[[ Data extract, beginning ]]

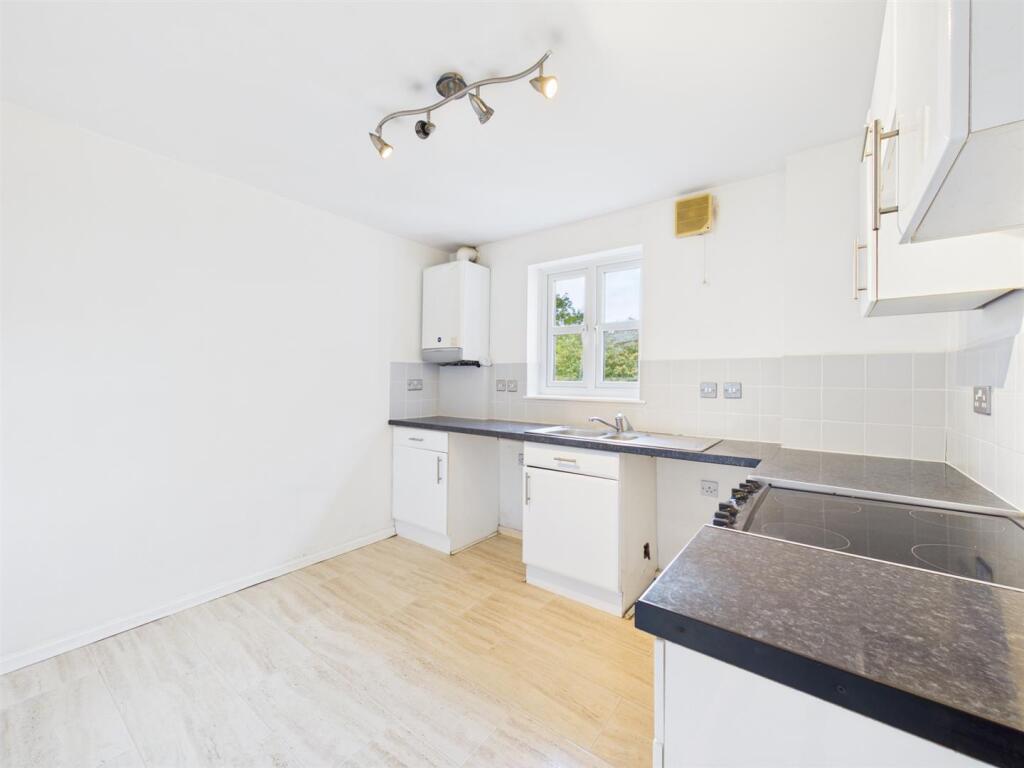 Apartment in North Tyneside, North East - View 5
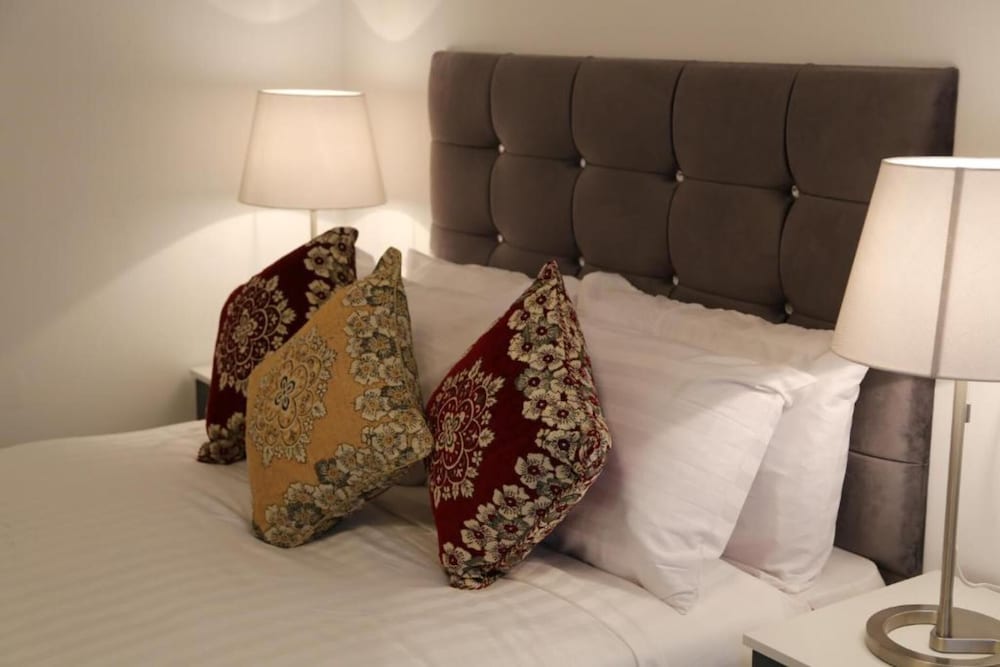 OYO 4 Sisters Inn 12/22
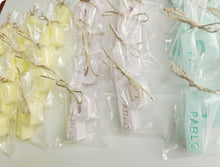 Cargar imagen en el visor de la galería, Jabones Letras XL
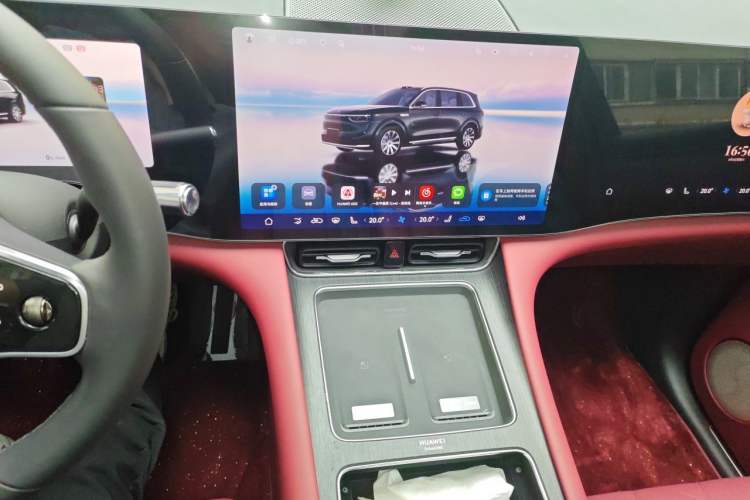 Used Hima AITO M8 2025 Model, Pure Electric Max+ Five-Seat All-Wheel-Drive Version Audio And AC Panel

[[ Data extract, end ]]

» Task
Images are not wanted in the copy. Please print the material above exactly.

» Answer to the exercise
 Apartment in North Tyneside, North East - View 5
 OYO 4 Sisters Inn 12/22
 Cargar imagen en el visor de la galería, Jabones Letras XL
 Used Hima AITO M8 2025 Model, Pure Electric Max+ Five-Seat All-Wheel-Drive Version Audio And AC Panel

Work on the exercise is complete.